“流氓。”

    啪地一声,周卓被打得脸庞往旁边一偏,面上更是始料不及的惊愕。

    明玉打完后,自己也吓到了,佯装镇定地捡起地上的衣物,掉头就走。

    还是周二妹先反应过来,哈哈地捧腹大笑,指着周卓道:“臭小子,你也有今天,该。”

    周卓抚上自己被打的面颊,心情难以形容。

    “那女子什么来历?”

    缓过劲来,周卓逮着姐姐问。

    周二妹横他一眼:“怎么?还想仗势欺人?告诉你,没门。”

    她还嫌那姑娘不够厉害,没多打两下。

    周卓冷眼瞪过去:“我自己查。”

    说罢,大步走远。

    周二妹在背后大喊:“臭小子,皮绷紧了,休要作恶。”

    这姑娘身份可真不一般,乱来不得。

    明玉忙完了一天的活,回到家中,就见自家娘亲坐在油灯前,一针一线地补袜子,那灯油混了不少杂质,光线昏昏暗暗,要凑得很近,十分费眼。

    明玉鼻头一酸,把这个月拿到的工钱往桌上一搁:“又不是缺这点油钱,做什么省成这般。”

    张氏只拿了一半工钱,另一半叫女儿自己收着,道:“你要嫁人,你弟弟也要娶媳妇,都得用钱,不存怎么成,可不能有多少花多少。”

    明玉没吭声了,拿着缺了口的陶瓷碗倒水,喝两口,四下张望,问弟弟呢。

    张氏摇头:“谁晓得去哪了,说是多找了一份活计,要晚些回,别管他,锅里热了饭菜,你先吃。”

    话才落下,就听得外头有人敲门,是隔壁刘婶。

    明玉连忙把门打开,就见刘婶喘着气道:“张家的,你们赶紧去趟府衙,你儿子打架闹事,被官差给抓起来了。”

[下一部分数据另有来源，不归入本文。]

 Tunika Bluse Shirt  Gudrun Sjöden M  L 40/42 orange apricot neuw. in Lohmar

    闻言,张氏手里的袜子掉落,急得站起,慌了神:“这孩子一向老实,怎么可能打架闹事,婶儿你是不是听错了。”

    “不可能的,我男人就在现场,他亲眼看到的,你儿子摁着人就打,那劲儿可狠了,官差扯了好一阵才扯开。”

    明玉扶着摇摇欲坠的娘亲,强迫自己冷静:“阿成不可能无缘无故打人,必是有原因的。”

    “那就不晓得了,你们还是赶紧去瞧瞧吧,多准备些银子。”

    这个点,就算赶到官衙,衙门也已经落了锁,关个一晚上,还不知道要受多少罪。

    张氏压根就等不到天亮,一个劲地抹泪。

    明玉别无他法,将存的那点钱全都拿出来,装到小盒子,再用布包着,又回到做工的府衙,求见新来的夫人。

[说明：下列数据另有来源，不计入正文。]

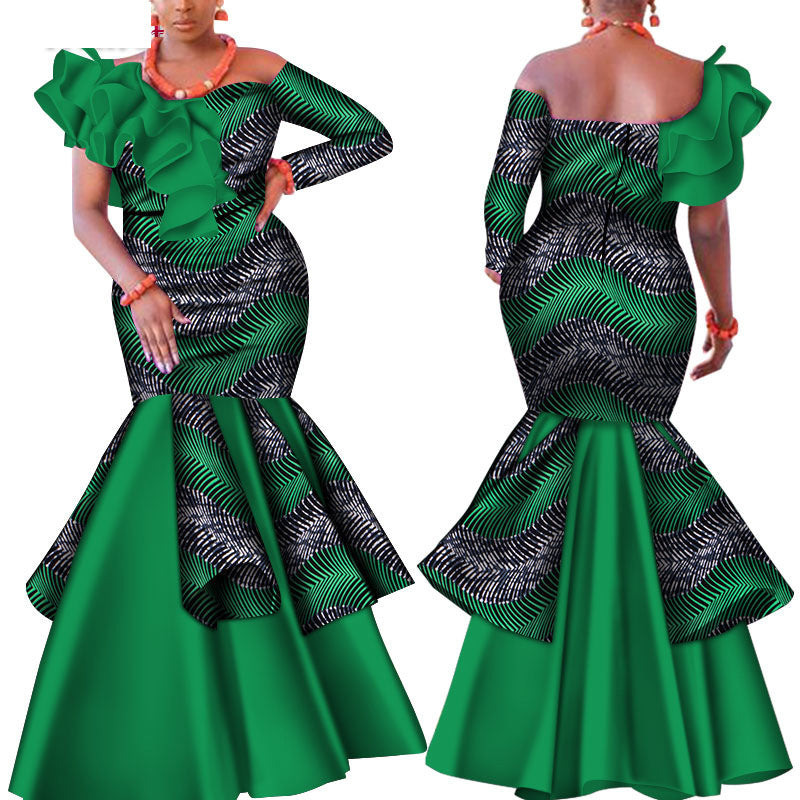 Traditional African Wedding or Party Dress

    老九这时候还没回,周二妹略一沉思,也是好奇此女这晚来作何,于是松了口,放人进来。

    第113章 . 暖情 在睡,别吵她

    又过了半月, 周窈再次收到妹妹的来信,讲述新的趣事,这回跟周卓有关,信里也再次提到那个落魄千金明玉。

    周二妹信中讲述得极其生动, 周窈从文字里想象那些画面, 不由会心一笑。

    周谡把一双子女哄睡了, 回到屋里,就见妇人笑得甜, 像是读到了什么好玩的故事。

    譬如之前,在崇州风靡一时的话本《卷帘记》,讲的落魄书生和隔壁俏寡妇如何突破世俗成见坚守在一起, 这妇人一看就入了迷,连孩子都不爱管了,整天就捧着书,简直着了魔。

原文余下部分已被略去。